According to another embodiment of this invention, the pixels of a scalable searching range are moved from an off-chip frame buffer to an on-chip buffer which significantly reduces the time of allocating pixel data compared to a fixed larger searching range.

According to another embodiment of this invention, the procedures and steps of quickly determining the scalable searching range in the motion estimation is done by comparing MVs of previous frame, top and and left blocks.

According to an embodiment of this invention, the searching distance of X-axis and Y-axis directions of the searching range are dependent on the slope of the corresponding MVs. The larger value of each direction of the MV the larger the searching distance will be.

According to an embodiment of this invention, the slope of the MV to decides the ratio of X-axis and Y-axis of the searching range and moves the pixel of the decided searching range from a frame buffer into the on-chip block buffer.

According to an embodiment of this invention, the motion estimator incorporates a pipelining scheme moving the next 16×16 pixels into a buffer while calculating an SAD of the current macroblock.

It is to be understood that both the foregoing general description and the following detailed description are by examples, and are intended to provide further explanation of the invention as claimed.

BRIEF DESCRIPTION OF THE DRAWINGS

FIG. 1 shows three basic types of the MPEG video frame coding including I-frame, P-frame and B-frame.

FIG. 2 is a brief block diagram of the prior art video compression encoder, which is conventionally used in most MPEG encoder system.

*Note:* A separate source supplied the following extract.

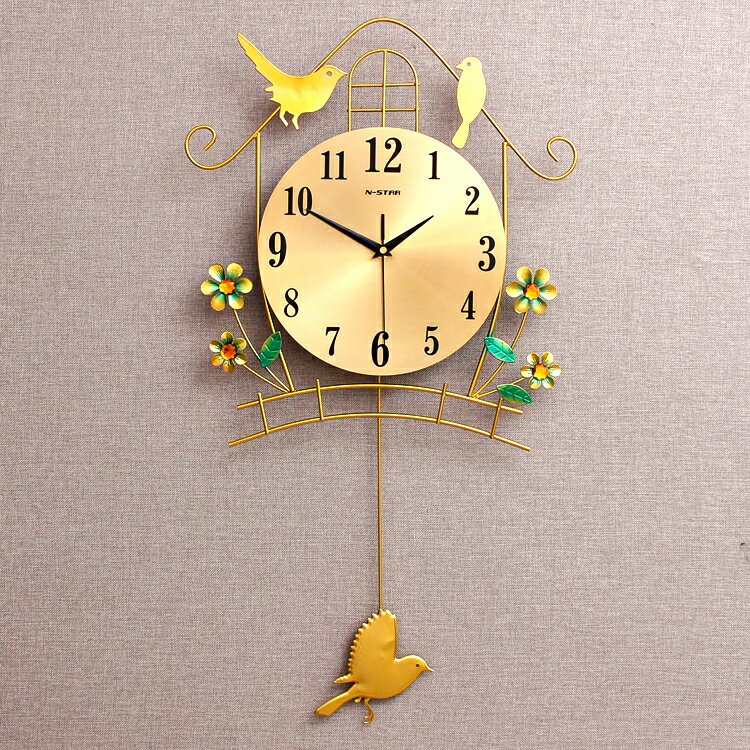 鐘表掛鐘客廳個性創意簡約靜音臥室家用大氣現代時尚小鳥時鐘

FIG. 3 is an illustration of the best match macroblock searching from the previous frame and the next frame. The concept of the searching range is also depicted in this figure.

FIG. 4A illustrates a means of starting point prediction of the motion estimation by using the upper and left macroblocks as references.

FIG. 4B shows the motion vectors of a GOB, group of block.

FIG. 4C illustrates a means of prediction combining the upper blocks, left block and the corresponding block of previous frame.

FIG. 4D depicts a means of starting point prediction with temporal vector of the MV change from previous two frames.

FIG. 5 illustrates the scalable searching range with variable searching distances of the X-axis and Y-axis directions.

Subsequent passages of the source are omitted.